Die Dogmen der Avantgarde haben Adámek noch nie interessiert. Ohne Vorbehalte blickt er zurück etwa auf Soghaftes à la Carl Orff. Adámek, das zeigt diese Uraufführung, ist ein Integrierer, keiner, der sich krampfhaft absetzen will. Seine Kunst entwickelt sich stark aus dem Körperlichen, ist nicht nur Intellekt-Ereignis. Auch deshalb geht einem „Alles klappt“ so nahe. Es sind bekannte, nachvollziehbare Elemente, die, neu gehört und erlebt, gerichtete Assoziationsräume eröffnen. Die dunkle Zeit, die Adámek heraufbeschwört, schwingt und klingt mit – ohne alles zu benennen und auszuführen, was die Dinge sofort klein machen würde.

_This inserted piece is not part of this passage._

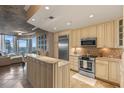 Open concept kitchen with stainless steel appliances, granite countertops, and breakfast bar overlooking the living area at 155 S Court Ave # 2710, Orlando, FL 32801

Außerdem, das ist nicht selbstverständlich, entgehen Adámeks Wort-Zersplitterungen allen Fettnäpfchen ungewollter Komik. Katharina Schmitt, die auch das Libretto besorgte, hat mit Ausstatterin Patricia Talacko eine offene Szenerie arrangiert. Probensituation, Archiv mit fahrbaren Kisten, konzertante Aufführung – alles mischt sich und übersetzt die Partitur sehr konsequent. Adámek dirigiert die zwei Perkussionisten und die sechs Sänger von der Seite aus. Was Letztere leisten, wie sie die kniffligen Rhythmen bewältigen, bei denen in jedem Takt mindestens ein Fallstrick lauert, das ist atemberaubend. Ein Höhepunkt nicht nur dieser Biennale.

Informationen

zum Programm

unter www.muenchenerbiennale.de.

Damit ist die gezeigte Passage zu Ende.